Tradisi adalah Kekayaan Kita
Tidaklah berlebihan bila dikatakan faktor utama yang mendorong pertumbuhan kesadaran budaya ini bertolak dari pandangan para ahli yang makin memahami peran budaya dalam mengubah banyak hal, termasuk membangun perekonomian suatu bangsa. Di Provinsi Jambi sendiri peran budaya dalam mengubah perekonomian bangsa belum begitu jelas terlihat. Padahal ada banyak budaya dan tradisi yang kalau dikembangkan akan mempunyai nilai ekonomis. Ia akan menjadi sebuah produk budaya lokal yang memiliki nilai jual yang menjanjikan.

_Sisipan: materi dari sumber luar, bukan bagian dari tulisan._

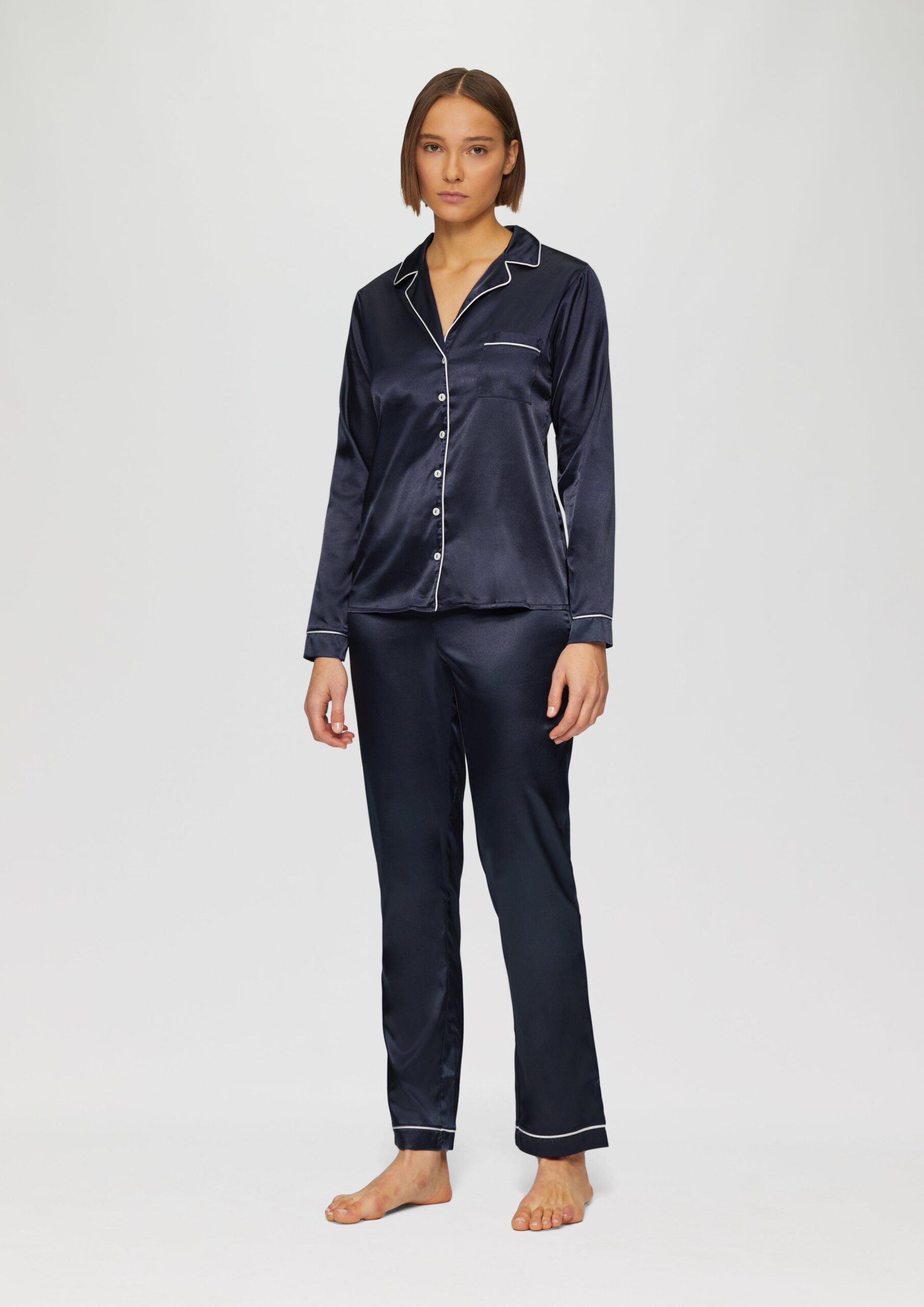 Pyjama in Satin-Optik mit zusätzlicher Schlafmaske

Salah satu contoh adalah tradisi Senandung Jolo yang ada di Desa Tanjung Kabupaten Muarojambi. Selama ini untuk bisa menyaksikan tradisi tersebut kita harus mendatangkan para pelaku tradisi langsung dari Desa Teluk Kabupaten Muarojambi. Begitu juga ketika kita ingin menampilkan Krinok yang ada di Kabupaten Bungo. Maka kita harus mendatangkan pelaku tradisi tersebut langsung dari Bungo. Termasuk tradisi Sike, Tale, Be Kba yang berasal dari Kabupaten Kerinci. Jika kita ingin menyaksikan tradisi tersebut, maka kita akan kesulitan karena pelaku tradisi itu sudah tidak banyak lagi.

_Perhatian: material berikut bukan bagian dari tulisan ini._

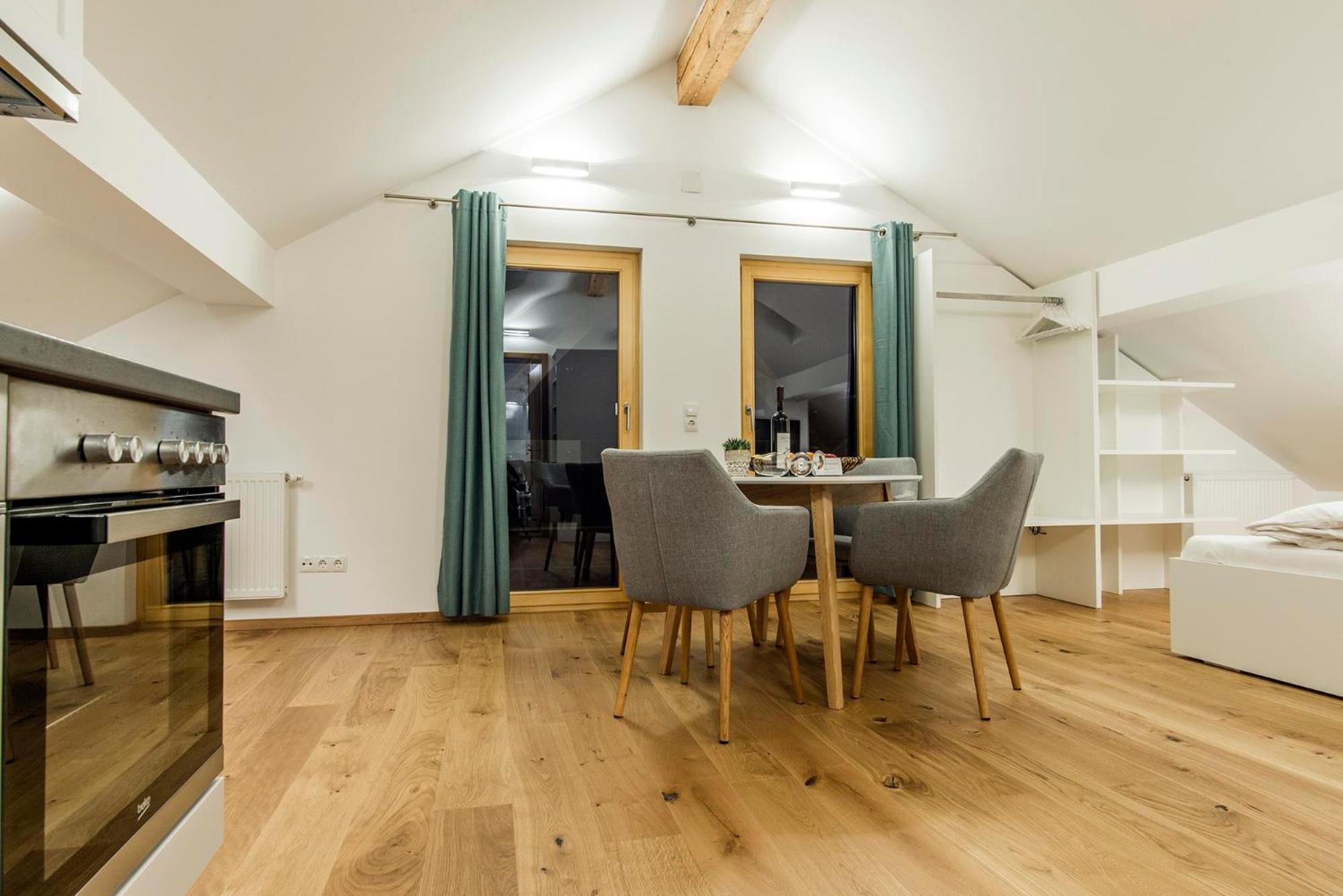 Haus Kapell Apartment Schruns Bagian luar foto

Keinginan yang begitu besar terhadap pengembangan budaya melayu Jambi tentunya bukan sebatas pada kajian budaya melayu saja, akan tetapi berkaitan juga dengan bagaimana semua pihak meluangkan dan mencurahkan pemikiran mereka dalam upaya regenerasi para pelaku tradisi yang sampai sekarang jumlahnya tidak seberapa. Bahkan diantaranya sudah tidak muda lagi. Kondisi para pelaku tradisi yang sebagian sudah tidak muda lagi tentu saja akan membuat resah kita semua akan nasib tradisi beberapa tahun ke depan, karena sampai sekarang belum nampak usaha regenerasi.
Tentunya suatu saat nanti kita berharap, ketika hendak menyaksikan sebuah tradisi, kita tidak mesti mendatangkan para pelaku tradisi itu langsung dari daerah. Melainkan kita tetap bisa menikmatinya di daerah masing-masing dengan penampilan dari siswa-siswi dan anak-anak muda yang telah diajarkan di sekolah-sekolah mereka. Semoga di balik penampilan mereka yang memukau, ada dukungan penuh dari kita semua.